The term 'global warming' is a bit misleading to some because they think that global warming means everyone will experience hotter summers and milder winters. Then, they look outside in the winter and see buckets of snow falling and ask, "Where’s this global warming I keep hearing about?" What they don't understand is that the overall average temperatures of the planet's atmosphere, land, and oceans are getting warmer and causing erratic weather patterns, including unusual snow storms. Some may experience mild winters in areas that are normally frigid, while others receive freak snowstorms and sub-zero temperatures that are very uncommon for that particular area.
The National Oceanic and Atmospheric Administration (NOAA) explains that despite the fact that February 2012 was the coldest February we've had in the past four years, it was still the 324th consecutive month where temperatures have exceeded the long-term average (2012). This is why we can’t go by what one or two seasons bring us. For instance, this winter in Missouri was not really like winter at all. Being the Midwest, it isn't unusual to have mild winters, anyway. While living in New York over the course of decade however, I was able to detect a significant difference in the amount of snow received and duration of cold weather from 1999 to 2010. Additionally, the summers gradually became less tolerable for me. In fact, my first few summers in New York were tolerable without air-conditioning. Towards the end of my stay there, I simply couldn't handle the summertime heat and humidity of the Northeast without air-conditioning nearly every day during the summer. I suppose many may not pay that much attention to the climate one way or the other but for those with health problems that are affected by extreme cold or heat and humidity, even a slight change is noticeable.
Record-breaking weather patterns continue to occur all over the world as NOAA reports snow cover, glaciers, and polar ice levels dropping. Meanwhile, sea level, humidity, and land, ocean & atmospheric temperatures continue to rise (2010). Climate change will affect all of us in some way; some, more than others. In fact, it already has, whether you realize it or not. Crops are failing due to drought or excessive flooding in the Midwest and in other areas around the world, for example (EPA, 2011). You can thank climate change, at least in part, for the increase in what you pay at the grocery store these days.
When I think of how devastating climate change will be for some, I think of the island nations, such as the Maldives, Fiji, and Bermuda disappearing under rising sea levels (Hearty, 2012). Our U.S. coastlines will definitely be affected and people will be forced to move further inland, but that seems to hardly compare to what island nations will face. Entire countries and cultures will be displaced because of irresponsible activities by mankind. I think of the impact on those who already suffer from food and water shortages and who depend most upon the availability of natural resources. They fish, hunt, and grow their own food to feed their families. Their lives literally depend upon having an environment that allows them to do what they’ve always done to survive (Cambata, 2012).
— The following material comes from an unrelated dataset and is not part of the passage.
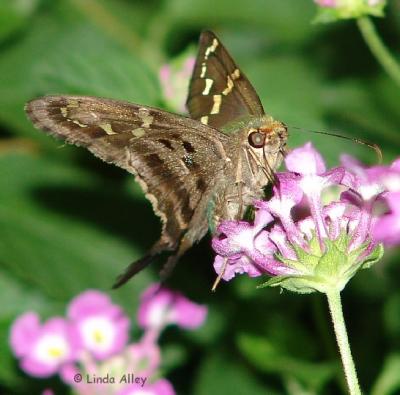 longtailed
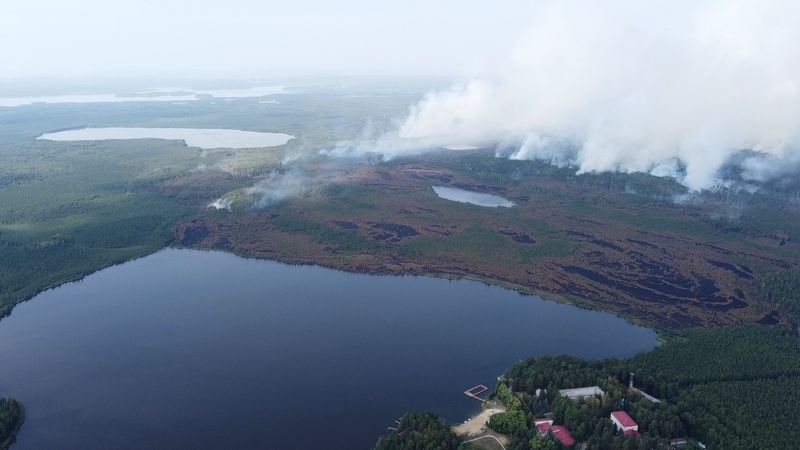Ущерб от лесных пожаров в 2021 году превысил 300 млн руб.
Perhaps the worst part of all of this is that we have likely passed the tipping point. It is doubtful that anything we do at this point will stop the sea levels and temperatures from rising. It’s going to happen. It’s already happening and has been occurring for decades. This doesn’t mean we shouldn’t act now to do everything we possibly can to lower our carbon footprint and stop destroying our planet. No matter how bad it is now and will be in the next few decades, it could always be worse! We must pursue cleaner energy and use our technological advances to save our environment from this train wreck. We may not be able to stop global warming catastrophes from occurring, but maybe we can decrease the severity and frequency with which they occur.
Carbon dioxide (CO2) is one of the main greenhouse gases that anthropogenic activities release to the atmosphere. The others are methane, nitrous oxide, and even water vapor. CO2 is our biggest concern however, simply because so many of our activities, such as deforestation and burning fossil fuels, combined with natural releases of CO2, are resulting in more carbon dioxide than the atmosphere can handle. This build up of CO2 increases the greenhouse effect, resulting in overall global warming.
We can’t flip a switch and end our climate change crisis. We can however, all make small changes in our daily lives that could result in a huge overall reduction of CO2 in our atmosphere. Here are a few suggestions:
- Recycle as much as possible – it takes more energy to create goods from virgin materials in most cases.
- Reuse or repurpose containers whenever you can, just be sure to not use plastic products containing BPA for food heating or storage (most plastics are created from petroleum, by the way).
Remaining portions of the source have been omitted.